I can now place components on this grid to fill it up. Say I have an 8x8 LED matrix with 8 cathodes and 8 anodes. All I have to do is find an 8x8 space large enough to hold it somewhere on the grid. For example, two 8x8 LED matrices fit into this 16 grid:



Another common size for LED matrices is 5x7. We can fit two of them on 12 pins like so:



Now it gets fun. It's ok for components to wrap around the sides. We can fit four 5x7 ( for a 10x14 pixel game board perhaps? ) matrices on 16 pins like this:



We can fit six 5x7 matrices on 18 pins ( for a 10x21 pixel game board perhaps? Large enough for original tetris! ). Eight 5x7 matrices fit on 20 pins. 8x8 matrices are a little more clunky, but you can still fit 3 of them onto 20 pins or 4 of them onto 22 pins ( 22 pins also fits 10 5x7 arrays ). We leave these last three as exercises. ( solutions 1 2 3 4)

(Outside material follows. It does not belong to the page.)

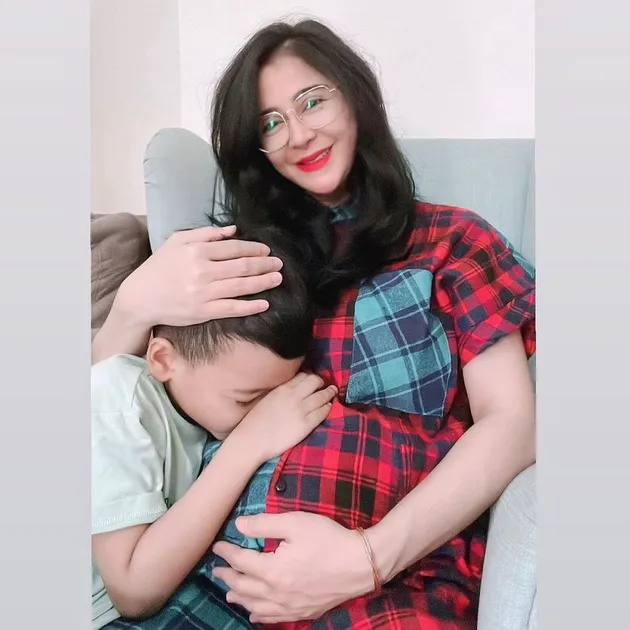 Uut permatasari melahirkan anak kedua hamil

To demonstrate that this approach does in fact work, I rigged up a little game of life on four 8x8 modules running on 22 pins on an AtMega328. After correcting for a problem with the brightness related to the PORTC pins sourcing less current, the display is quite functional -- the scanning is not visible and all lights are of equal brightness. I scan the lights one at a time, but only spend time on those that are on. (The variable frame rate is from the video processing -- the actual device is quite smooth)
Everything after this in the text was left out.